* Your task: Your answer should consist only of the lines from the line containing "Men’s Loose-Fit Straight" through the last line below, each repeated exactly.

* Provided material:
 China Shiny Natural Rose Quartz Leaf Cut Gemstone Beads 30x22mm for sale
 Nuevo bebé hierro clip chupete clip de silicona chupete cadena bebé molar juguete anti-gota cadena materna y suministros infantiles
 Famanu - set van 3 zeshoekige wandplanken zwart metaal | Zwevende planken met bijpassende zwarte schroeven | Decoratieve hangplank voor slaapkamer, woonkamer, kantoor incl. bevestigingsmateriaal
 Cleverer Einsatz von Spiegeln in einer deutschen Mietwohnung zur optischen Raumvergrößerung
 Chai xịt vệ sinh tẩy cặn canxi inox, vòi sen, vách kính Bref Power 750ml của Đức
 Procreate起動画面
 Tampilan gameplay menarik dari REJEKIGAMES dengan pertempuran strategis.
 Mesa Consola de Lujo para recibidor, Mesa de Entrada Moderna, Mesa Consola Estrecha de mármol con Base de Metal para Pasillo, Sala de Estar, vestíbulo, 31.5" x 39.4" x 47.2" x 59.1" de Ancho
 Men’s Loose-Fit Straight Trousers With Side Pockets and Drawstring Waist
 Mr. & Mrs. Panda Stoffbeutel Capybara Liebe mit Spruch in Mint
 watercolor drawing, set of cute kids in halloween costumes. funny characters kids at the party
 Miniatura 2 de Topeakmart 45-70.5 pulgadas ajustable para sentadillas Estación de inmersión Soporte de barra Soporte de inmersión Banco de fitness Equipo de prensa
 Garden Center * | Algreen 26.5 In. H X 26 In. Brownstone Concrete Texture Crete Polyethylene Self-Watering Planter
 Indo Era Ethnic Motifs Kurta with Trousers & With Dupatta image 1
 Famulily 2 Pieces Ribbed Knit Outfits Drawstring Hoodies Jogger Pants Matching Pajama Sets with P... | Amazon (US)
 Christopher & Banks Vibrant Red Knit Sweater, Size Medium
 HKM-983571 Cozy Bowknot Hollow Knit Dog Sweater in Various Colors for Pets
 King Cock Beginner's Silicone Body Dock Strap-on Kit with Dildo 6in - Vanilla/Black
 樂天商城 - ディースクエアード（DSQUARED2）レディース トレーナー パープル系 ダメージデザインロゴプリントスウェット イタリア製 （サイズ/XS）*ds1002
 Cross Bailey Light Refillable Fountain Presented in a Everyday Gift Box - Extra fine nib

* Result:
 Men’s Loose-Fit Straight Trousers With Side Pockets and Drawstring Waist
 Mr. & Mrs. Panda Stoffbeutel Capybara Liebe mit Spruch in Mint
 watercolor drawing, set of cute kids in halloween costumes. funny characters kids at the party
 Miniatura 2 de Topeakmart 45-70.5 pulgadas ajustable para sentadillas Estación de inmersión Soporte de barra Soporte de inmersión Banco de fitness Equipo de prensa
 Garden Center * | Algreen 26.5 In. H X 26 In. Brownstone Concrete Texture Crete Polyethylene Self-Watering Planter
 Indo Era Ethnic Motifs Kurta with Trousers & With Dupatta image 1
 Famulily 2 Pieces Ribbed Knit Outfits Drawstring Hoodies Jogger Pants Matching Pajama Sets with P... | Amazon (US)
 Christopher & Banks Vibrant Red Knit Sweater, Size Medium
 HKM-983571 Cozy Bowknot Hollow Knit Dog Sweater in Various Colors for Pets
 King Cock Beginner's Silicone Body Dock Strap-on Kit with Dildo 6in - Vanilla/Black
 樂天商城 - ディースクエアード（DSQUARED2）レディース トレーナー パープル系 ダメージデザインロゴプリントスウェット イタリア製 （サイズ/XS）*ds1002
 Cross Bailey Light Refillable Fountain Presented in a Everyday Gift Box - Extra fine nib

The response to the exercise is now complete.